A Conformal Selection Framework for Individual Treatment Beneficiaries with Auxiliary External Data
Pith reviewed 2026-07-01 03:57 UTC · model grok-4.3
The pith
Conformal p-values calibrated on RCT data allow FDR-controlled selection of treatment beneficiaries using models trained on external data.
A machine-rendered reading of the paper's core claim, the machinery that carries it, and where it could break.
Core claim
The framework reformulates CATE-based treatment-benefit selection as a multiple-testing problem. For each candidate, it tests whether the conditional treatment benefit exceeds a clinically meaningful threshold and constructs a conformal p-value using RCT-based calibration. These p-values are adjusted by the Benjamini-Hochberg procedure to control the false discovery rate among selected beneficiaries. External data can be used to train the treatment effect models while conformal calibration remains anchored in the RCT data.
What carries the argument
The conformal inference framework that constructs RCT-calibrated conformal p-values for testing if conditional treatment benefit exceeds a threshold, enabling FDR control via Benjamini-Hochberg adjustment.
Load-bearing premise
Conformal p-values constructed from RCT calibration remain valid for FDR control even when the treatment-effect model is trained on external data whose distribution may differ from the RCT.
What would settle it
A simulation study where the external data distribution differs substantially from the RCT and the realized false discovery rate among selected beneficiaries exceeds the target level.
Figures
read the original abstract
Identifying patients who are likely to benefit from a treatment is central to precision medicine and can guide follow-up trials, enrichment designs, and individualized decisions. Although randomized controlled trials (RCTs) provide evidence on efficacy, they are usually powered to estimate average treatment effects rather than patient-level benefit. Meanwhile, artificial intelligence and machine learning methods offer flexible tools for estimating heterogeneous treatment effects, especially when augmented by real-world data (RWD).

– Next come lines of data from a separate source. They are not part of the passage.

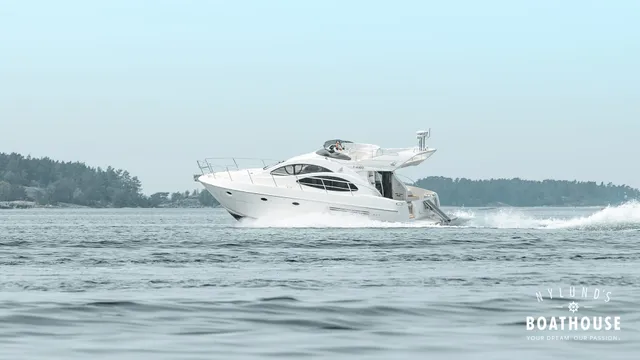 Azimut 42 Fly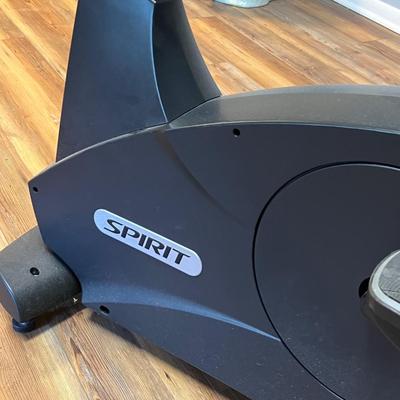 Spirit CU800 Upright Exercise Bike (S-RG)
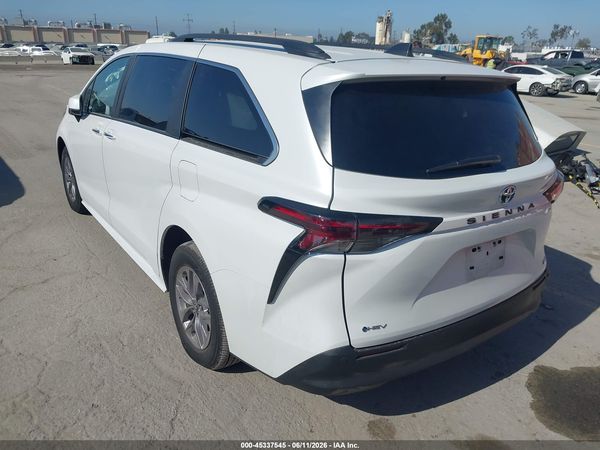2025 TOYOTA SIENNA XLE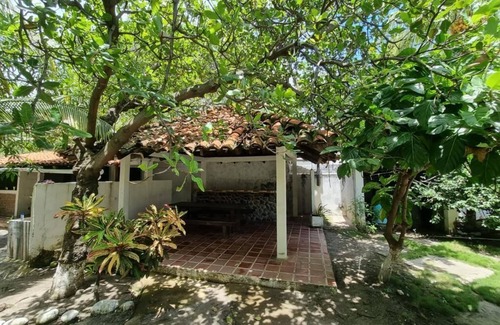 La Libertad House | Beautiful Family Beach House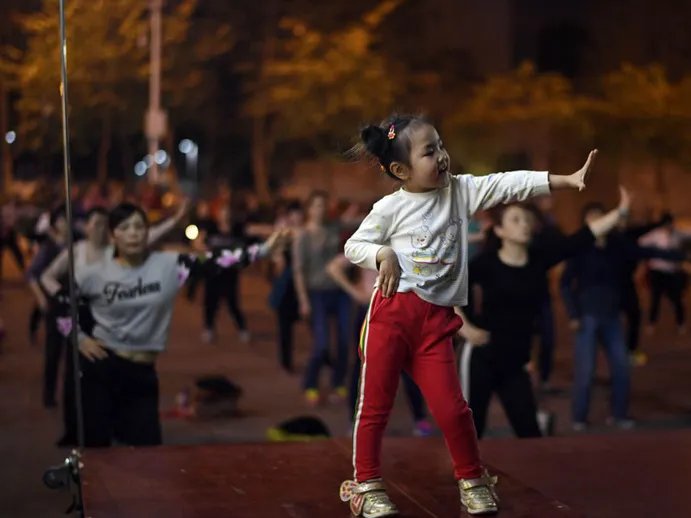 跳广场舞的小女孩是怎么回事?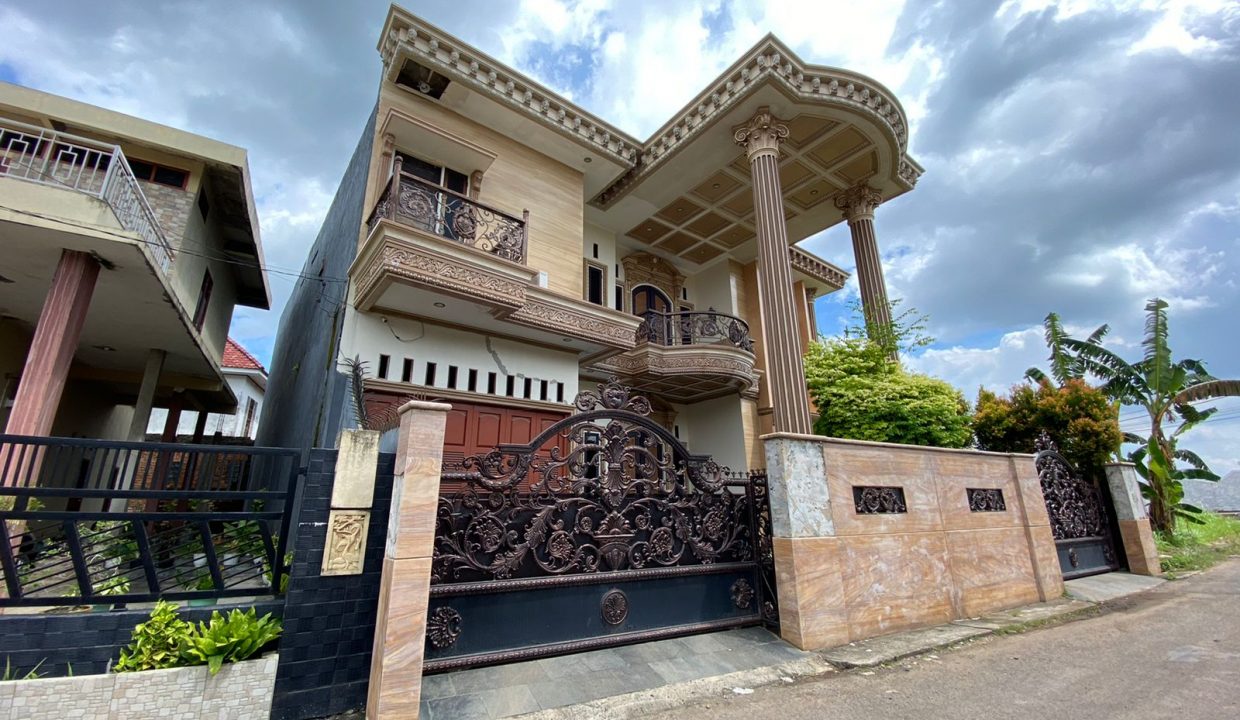 DIJUAL RUMAH 2 LANTAI lokasi Premium Demang Lebar Daun (2)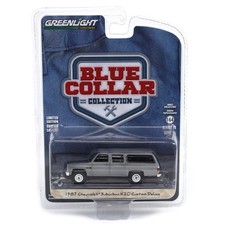 Greenlight Chevrolet K-20 Suburban Custom Delux 1987 1:64 35280-D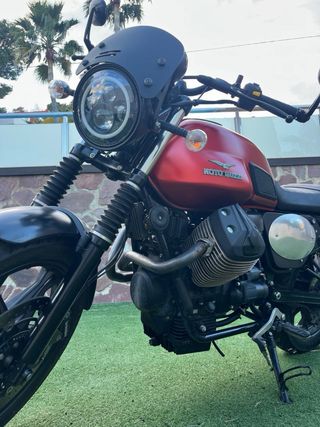 Moto Guzzi V7 Stone Roja y Negra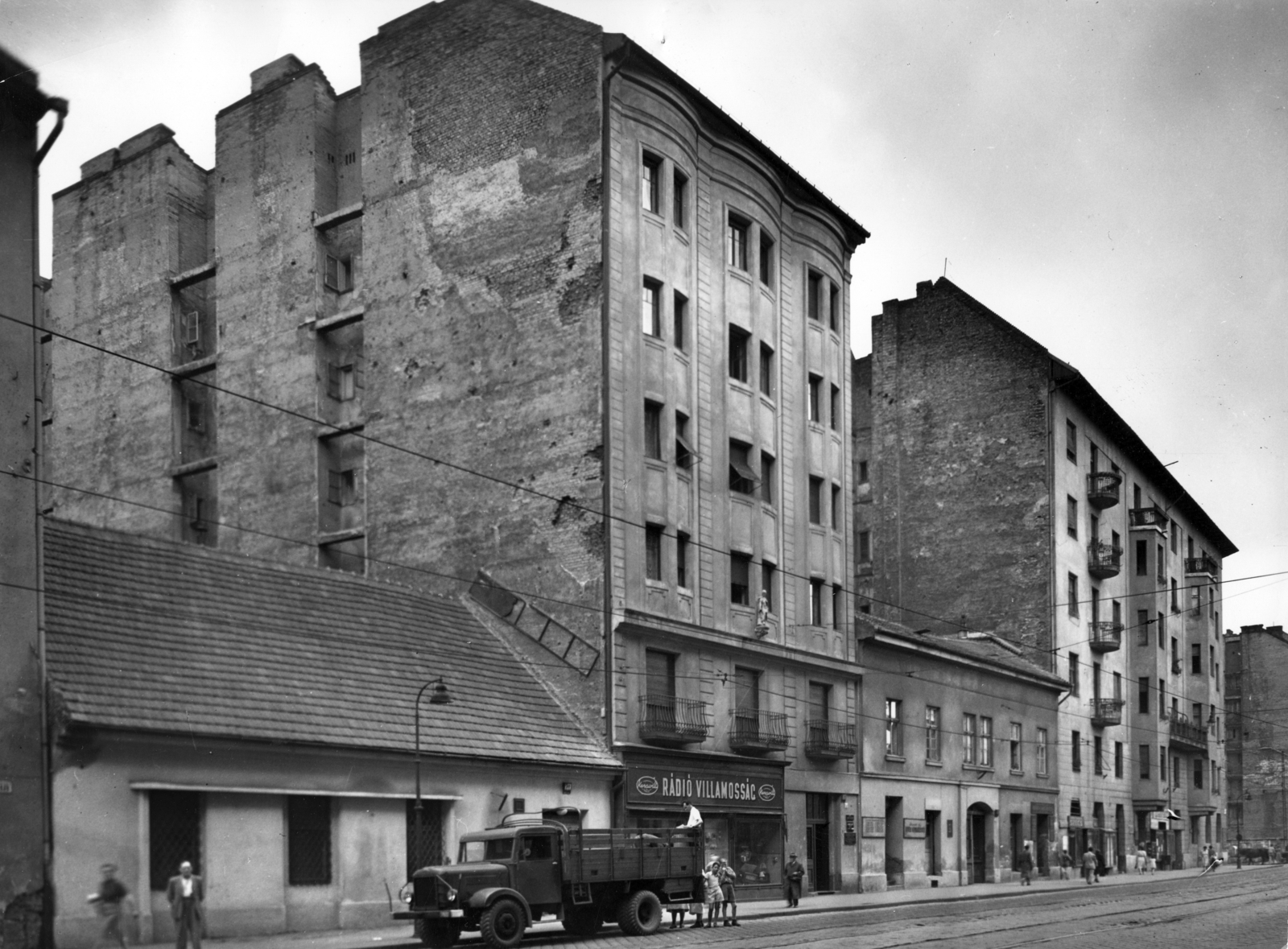 Hungary, Budapest II., Margit körút (Mártírok útja) 20., 22., 24. és 26. A kép forrását kérjük így adja meg: Fortepan / Budapest Főváros Levéltára. Levéltári jelzet: HU_BFL_XV_19_c_11, 1957, Budapest Főváros Levéltára / Városrendezési és Építészeti Osztályának fényképei, A Fővárosi Tanács VB Városrendezési és Építészeti Osztályának, commercial vehicle, Budapest, electronics store, Fortepan #103002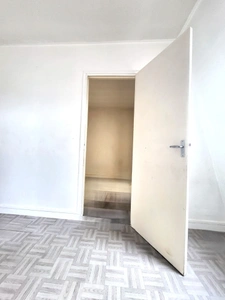 EXCLUSIVITÉ – 2 PIÈCES – DERNIER ÉTAGE – BOULEVARD VOLTAIRE (PARIS 11ᵉ)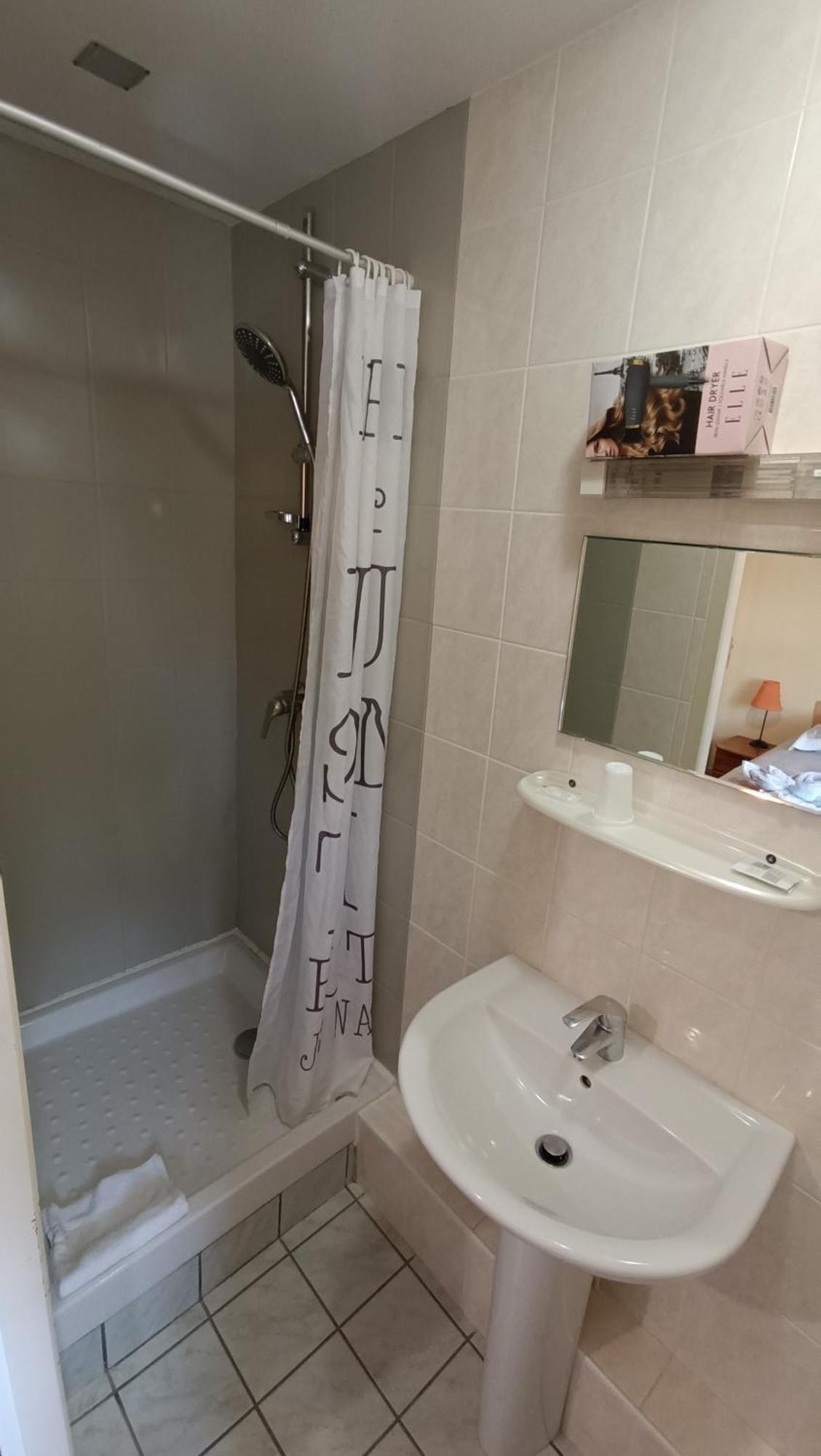Hotel Le Pommeil Guéret المظهر الخارجي الصورة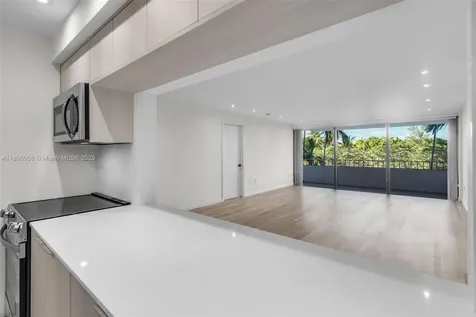 155 Ocean Lane Drive Key Biscayne FL 33149
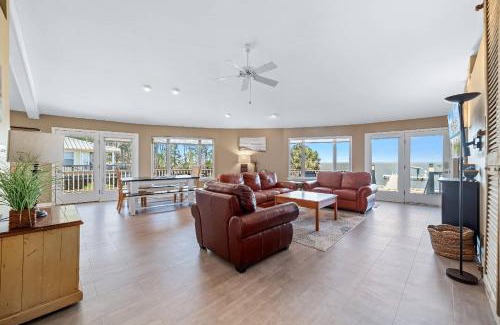 Gulf Shores House | Round House Retreat on the Bay
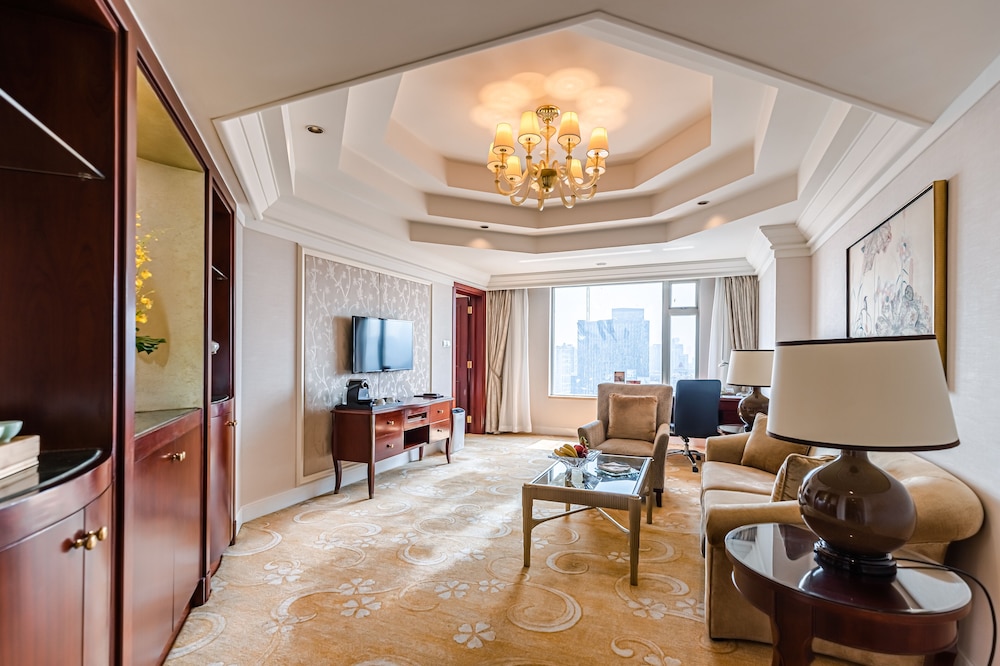 Executive Suite photo 3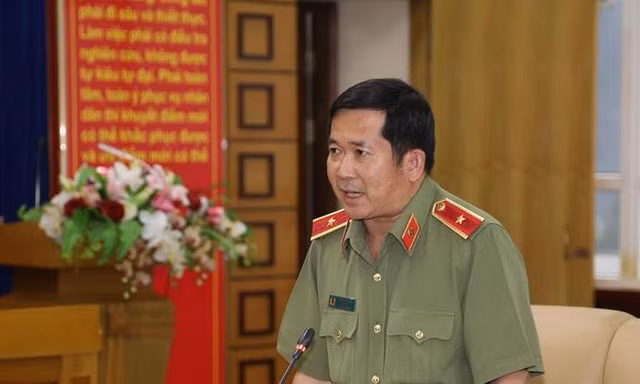  Đấu tranh với các loại tội phạm "không có ngoại lệ, không có vùng cấm": Trả lời báo chí tháng 4/2023, Thiếu tướng Đinh Văn Nơi nhấn mạnh: “Đấu tranh với các loại tội phạm "không có ngoại lệ, không có vùng cấm", đó là quan điểm của Đảng, quan điểm của ngành Công an, thế nên tôi không áp lực và cũng không cảm thấy khó khăn. Khó khăn hay không là do bản thân mình có quyết tâm, dám nghĩ, dám làm đến tận cùng hay không thôi”.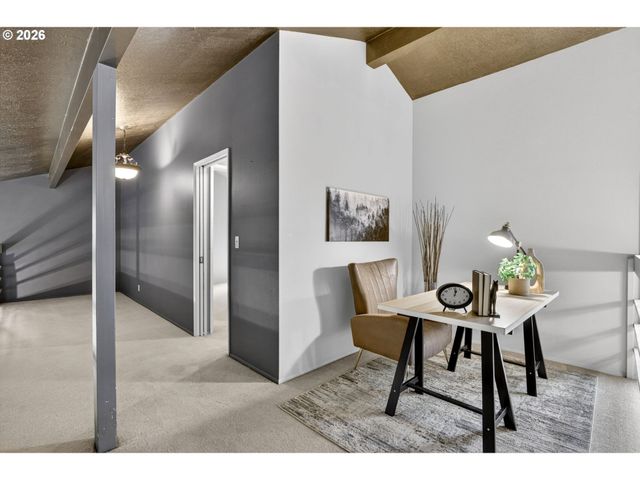 19451 WILDERNESS Dr, West Linn, OR 97068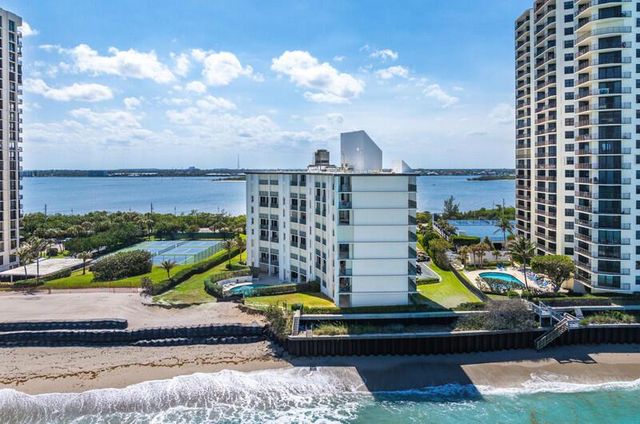 5400 N Ocean Drive 7b, Singer Island, FL 33404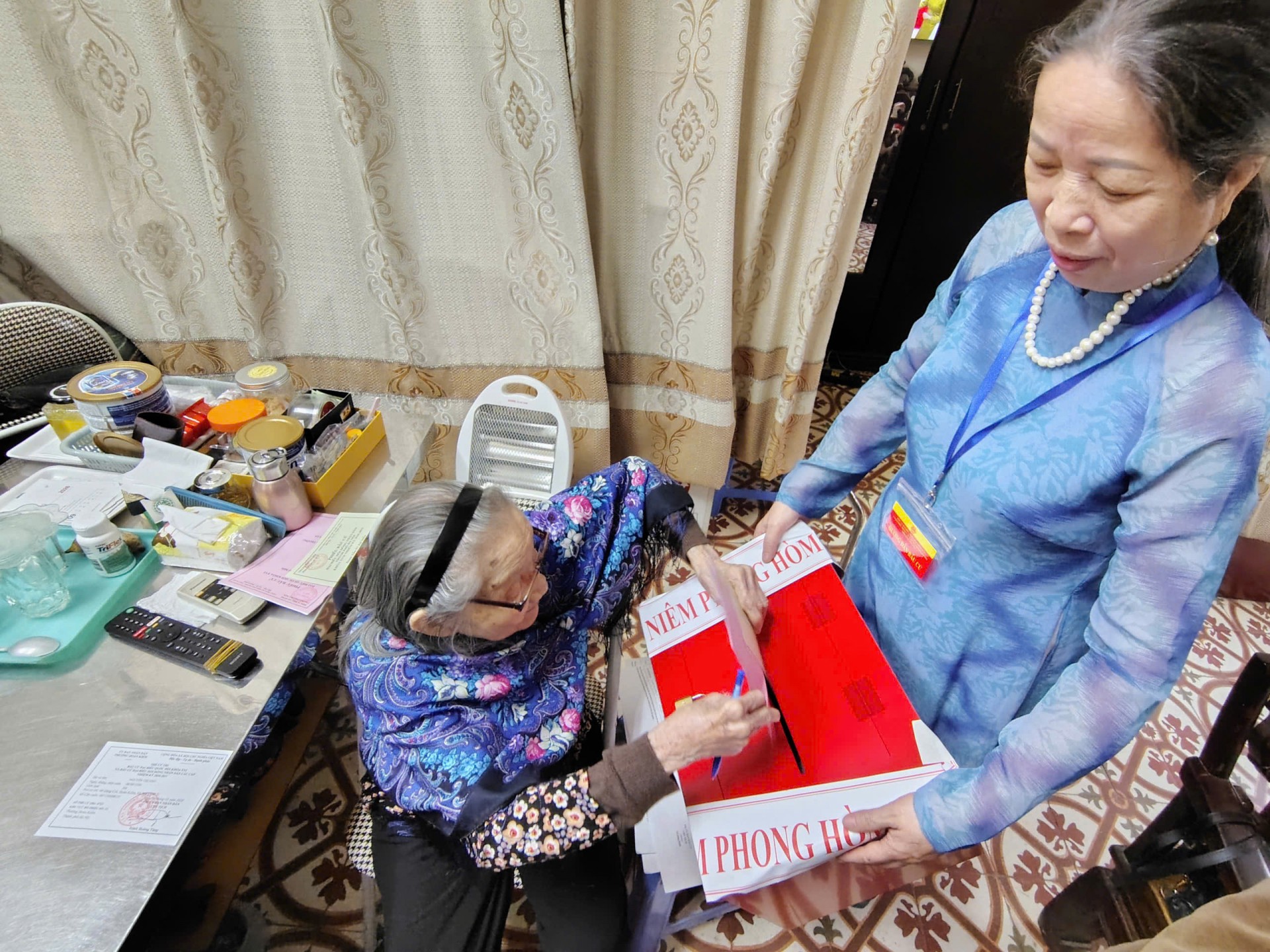 Cử tri phường Hoàn Kiếm phấn khởi tham gia Ngày hội bầu cử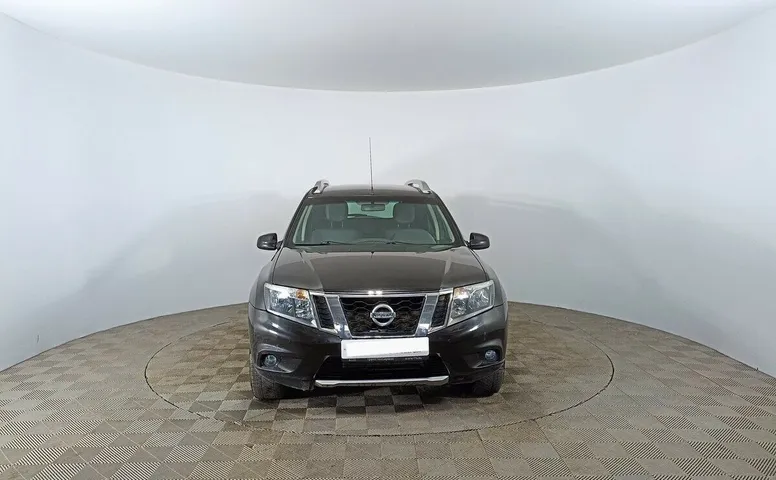 Nissan Terrano III (D10)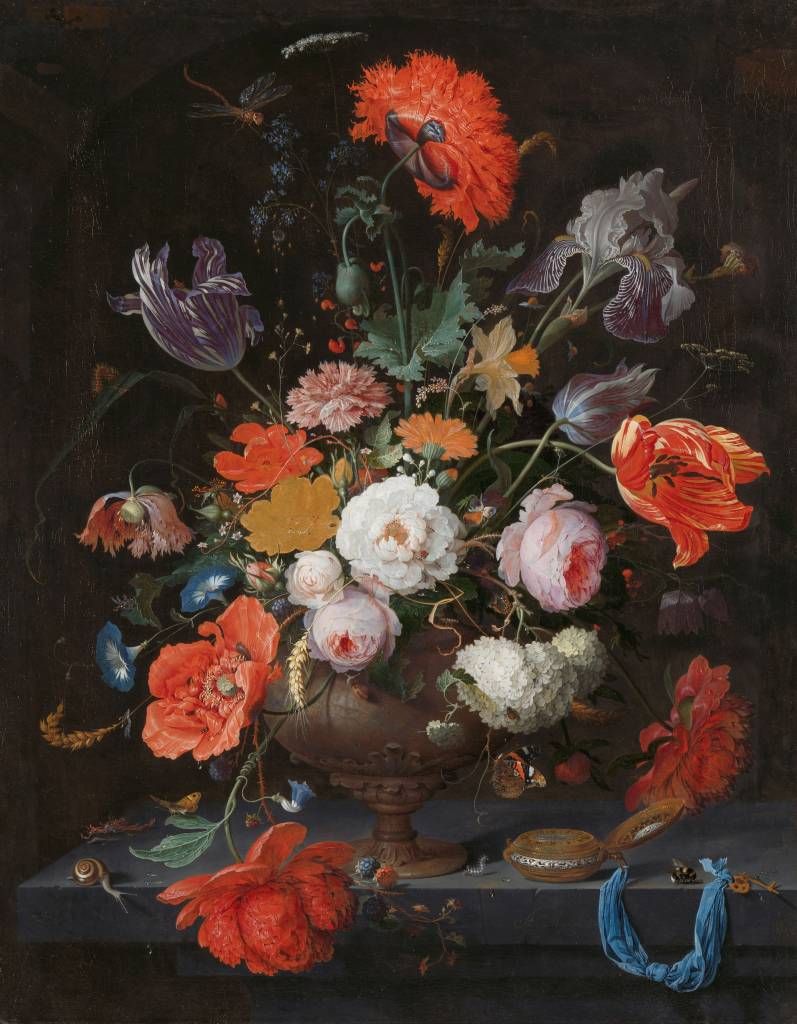 Nature morte avec des fleurs et une montre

However, in practice, these estimated effects are often translated into decisions through simple ranking or thresholding rules, which can ignore uncertainty and multiplicity when many patients are evaluated simultaneously. Motivated by this, we propose a model-agnostic conformal inference framework for uncertainty-aware beneficiary selection. The framework reformulates CATE-based treatment-benefit selection as a multiple-testing problem. For each candidate, we test whether the conditional treatment benefit exceeds a clinically meaningful threshold and construct a conformal p-value using RCT-based calibration. These p-values are then adjusted by the Benjamini-Hochberg procedure to control the false discovery rate (FDR) among selected beneficiaries. To improve efficiency when RCT sample sizes are limited, external data, such as RWD, can be used to train flexible treatment effect models, while conformal calibration remains anchored in the RCT data. It can be paired with conventional machine learning algorithms and emerging tabular foundation models. Simulations show that the framework maintains FDR control, with power depending on the base learner and external-data comparability. A case study in early-stage non-small-cell lung cancer illustrates how the method identifies candidate profiles with evidence of benefit from limited resection to reduce overtreatment.
Editorial analysis
A structured set of objections, weighed in public.
Referee Report
Summary. The paper proposes a model-agnostic conformal inference framework for selecting individual treatment beneficiaries. It reformulates CATE-based selection as a multiple-testing problem, constructs conformal p-values calibrated exclusively on RCT data, and applies the Benjamini-Hochberg procedure to control FDR among selected beneficiaries. External data may be used to train the underlying treatment-effect model, while calibration and p-value construction remain anchored in the RCT; simulations are reported to confirm FDR control, and the method is illustrated in an early-stage non-small-cell lung cancer case study identifying profiles that may benefit from limited resection.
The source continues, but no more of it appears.